▶ EXERCISE
For the entries below, report the number of lines containing "beds", without any other content.

▶ DATA
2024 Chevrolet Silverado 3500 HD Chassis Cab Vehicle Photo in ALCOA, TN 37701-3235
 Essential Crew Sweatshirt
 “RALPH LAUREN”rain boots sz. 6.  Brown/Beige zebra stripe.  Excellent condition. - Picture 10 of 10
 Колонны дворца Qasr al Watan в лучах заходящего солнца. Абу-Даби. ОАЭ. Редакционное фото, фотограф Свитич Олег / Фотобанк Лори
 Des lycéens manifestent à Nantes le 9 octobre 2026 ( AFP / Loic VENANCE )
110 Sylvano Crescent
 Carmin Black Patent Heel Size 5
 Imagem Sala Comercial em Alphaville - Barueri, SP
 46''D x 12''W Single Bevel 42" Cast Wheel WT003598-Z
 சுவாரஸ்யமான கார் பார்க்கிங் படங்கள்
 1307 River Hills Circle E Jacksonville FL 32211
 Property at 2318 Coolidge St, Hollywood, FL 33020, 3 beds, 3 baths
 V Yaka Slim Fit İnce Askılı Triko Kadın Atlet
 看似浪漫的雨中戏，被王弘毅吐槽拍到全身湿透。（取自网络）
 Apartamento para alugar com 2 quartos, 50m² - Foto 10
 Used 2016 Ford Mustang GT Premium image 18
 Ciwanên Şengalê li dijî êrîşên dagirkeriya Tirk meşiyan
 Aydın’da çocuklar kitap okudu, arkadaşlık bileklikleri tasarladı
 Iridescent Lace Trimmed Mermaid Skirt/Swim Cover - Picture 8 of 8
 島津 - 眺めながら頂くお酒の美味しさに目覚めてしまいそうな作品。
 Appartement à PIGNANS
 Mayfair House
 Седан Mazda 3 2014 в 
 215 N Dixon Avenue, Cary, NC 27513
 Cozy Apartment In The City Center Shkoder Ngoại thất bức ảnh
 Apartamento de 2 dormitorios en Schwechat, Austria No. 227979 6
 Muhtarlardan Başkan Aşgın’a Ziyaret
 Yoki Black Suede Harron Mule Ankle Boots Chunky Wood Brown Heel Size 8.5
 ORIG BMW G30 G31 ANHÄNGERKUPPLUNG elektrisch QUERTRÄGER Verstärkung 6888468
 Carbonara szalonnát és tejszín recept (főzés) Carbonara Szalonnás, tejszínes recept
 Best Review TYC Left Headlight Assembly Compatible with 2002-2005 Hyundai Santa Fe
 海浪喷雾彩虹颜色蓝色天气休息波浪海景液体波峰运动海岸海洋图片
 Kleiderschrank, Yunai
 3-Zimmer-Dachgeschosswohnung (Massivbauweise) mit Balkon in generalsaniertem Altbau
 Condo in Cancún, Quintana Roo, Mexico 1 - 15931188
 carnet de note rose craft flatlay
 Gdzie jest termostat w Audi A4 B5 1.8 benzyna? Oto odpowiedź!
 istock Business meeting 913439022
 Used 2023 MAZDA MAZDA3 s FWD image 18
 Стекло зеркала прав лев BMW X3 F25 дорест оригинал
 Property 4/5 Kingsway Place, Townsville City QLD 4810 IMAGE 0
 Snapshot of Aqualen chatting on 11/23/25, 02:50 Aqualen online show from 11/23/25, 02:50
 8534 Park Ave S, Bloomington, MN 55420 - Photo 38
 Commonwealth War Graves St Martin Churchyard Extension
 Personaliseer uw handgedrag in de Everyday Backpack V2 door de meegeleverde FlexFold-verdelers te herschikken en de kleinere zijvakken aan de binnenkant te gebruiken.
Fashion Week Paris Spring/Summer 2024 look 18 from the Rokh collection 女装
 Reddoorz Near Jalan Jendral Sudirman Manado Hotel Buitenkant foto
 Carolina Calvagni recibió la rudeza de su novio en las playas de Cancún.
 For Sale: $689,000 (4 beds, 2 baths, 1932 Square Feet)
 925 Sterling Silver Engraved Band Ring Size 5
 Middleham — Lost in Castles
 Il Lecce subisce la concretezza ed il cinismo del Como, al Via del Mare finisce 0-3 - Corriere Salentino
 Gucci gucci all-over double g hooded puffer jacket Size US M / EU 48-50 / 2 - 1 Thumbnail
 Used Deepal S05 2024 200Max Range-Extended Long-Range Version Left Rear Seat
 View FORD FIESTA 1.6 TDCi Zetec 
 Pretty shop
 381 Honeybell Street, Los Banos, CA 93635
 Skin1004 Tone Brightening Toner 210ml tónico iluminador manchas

▶ OUTPUT FOR THIS TASK
2